# Lisl is 2 today...



## MichaelE (Dec 15, 2012)

Actually yesterday, but I was busy with her doing stuff.

Walked up to DQ for an ice cream cone and played in the back yard most of the afternoon. 

Today, she gets a bar-b-q'ed chicken thigh or two while I eat bratwurst.

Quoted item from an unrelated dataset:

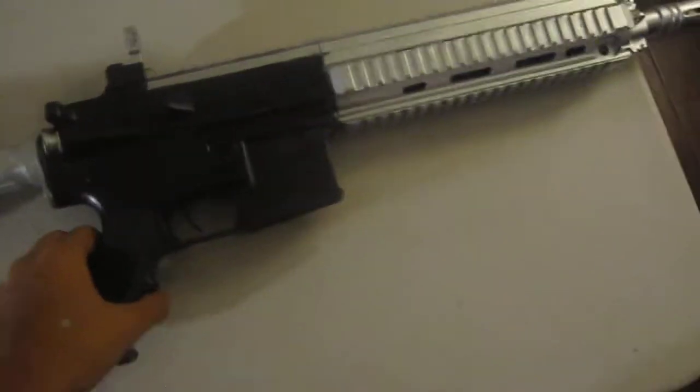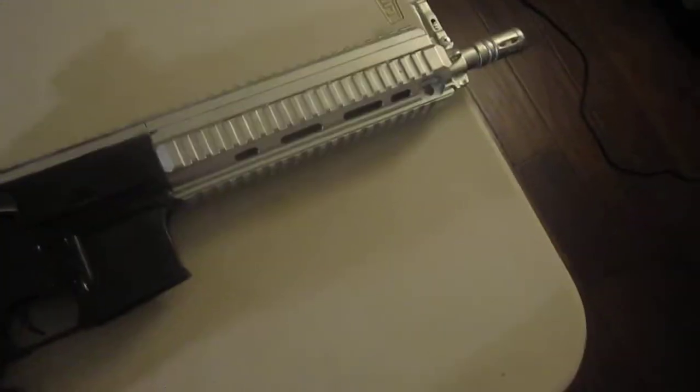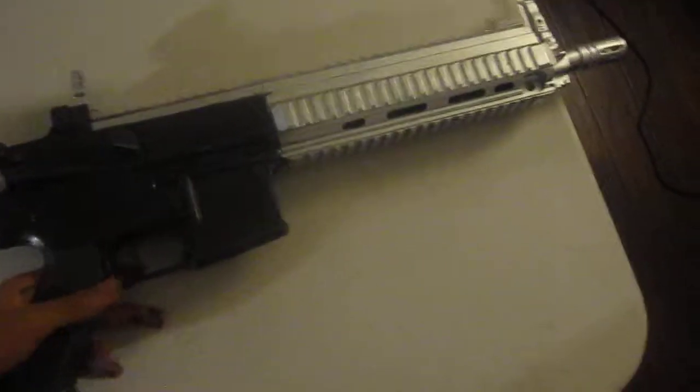Hey guys, what's up, CarbosTeele here. I want to present to you my airsoft gun. I just finished painting this gun — I believe it was called a silver plated from PUBG.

Happy birthday baby doll. :cake:

Eating her favorite treat; a cup of vanilla ice cream...



















Posing for the camera...


----------



## GatorDog (Aug 17, 2011)

Happy birthday beautiful


----------



## My2shepherds (Jun 10, 2014)

Happy Birthday Lisl!!! :birthday: 
Such a pretty girl!!


----------



## Galathiel (Nov 30, 2012)

I can't believe she's 2 already! Such a pretty dog she is.


----------



## bob_barker (Dec 31, 2013)

*Happy Birthday pretty girl!!! *


----------



## Miss Molly May (Feb 19, 2010)

:birthday: she is absolutely stunning!!!


----------



## Castlemaid (Jun 29, 2006)

Happy Birthday Gorgeous!


----------



## K9POPPY (Mar 6, 2014)

HAPPY BIRTHDAY, Lisl, what a sweet-looking beauty!


----------



## Charlie W (Feb 12, 2013)

Happy Birthday gorgeous girl


----------



## Daisy&Lucky's Mom (Apr 24, 2011)

Happy Birthday Lisl. You are such a pretty girl and I love your coat. Wishing you lots of health and happiness and fun.


----------



## Ace GSD (May 30, 2014)

Awww beautiful ! Happy 2nd birthday Lisl


----------



## MichaelE (Dec 15, 2012)

Thank you all for the wonderful birthday wishes for Lisl.


----------



## Lobo dog (Sep 19, 2014)

Wow she is one gorgeous girl! Happy second birthday and I wish her many more to come  seriously she is STUNNING!


----------



## Bear GSD (Apr 12, 2012)

Alles Gute zum Geburtstag schöne!
She's looking quite breath taking :wub:


----------



## MichaelE (Dec 15, 2012)

Viele Danke!


----------



## Loneforce (Feb 12, 2012)

:birthday: * Lisl !!*


----------



## glowingtoadfly (Feb 28, 2014)

Happy Birthday, Countess from Lady Wolfington and Lord Grimothy.


----------



## brembo (Jun 30, 2009)

Ears back and soft eyes gettin her treats. They know when they are being spoiled.


----------



## MichaelE (Dec 15, 2012)

Yes they do. And she knows she's a daddy's girl too.

Thank you for the nice comments. She means the world to me.


----------



## Shade (Feb 20, 2012)

:birthday: to a beautiful girl and many more


----------



## MichaelE (Dec 15, 2012)

Thank you Shade, and everyone that wished Lisl a Happy Birthday.


----------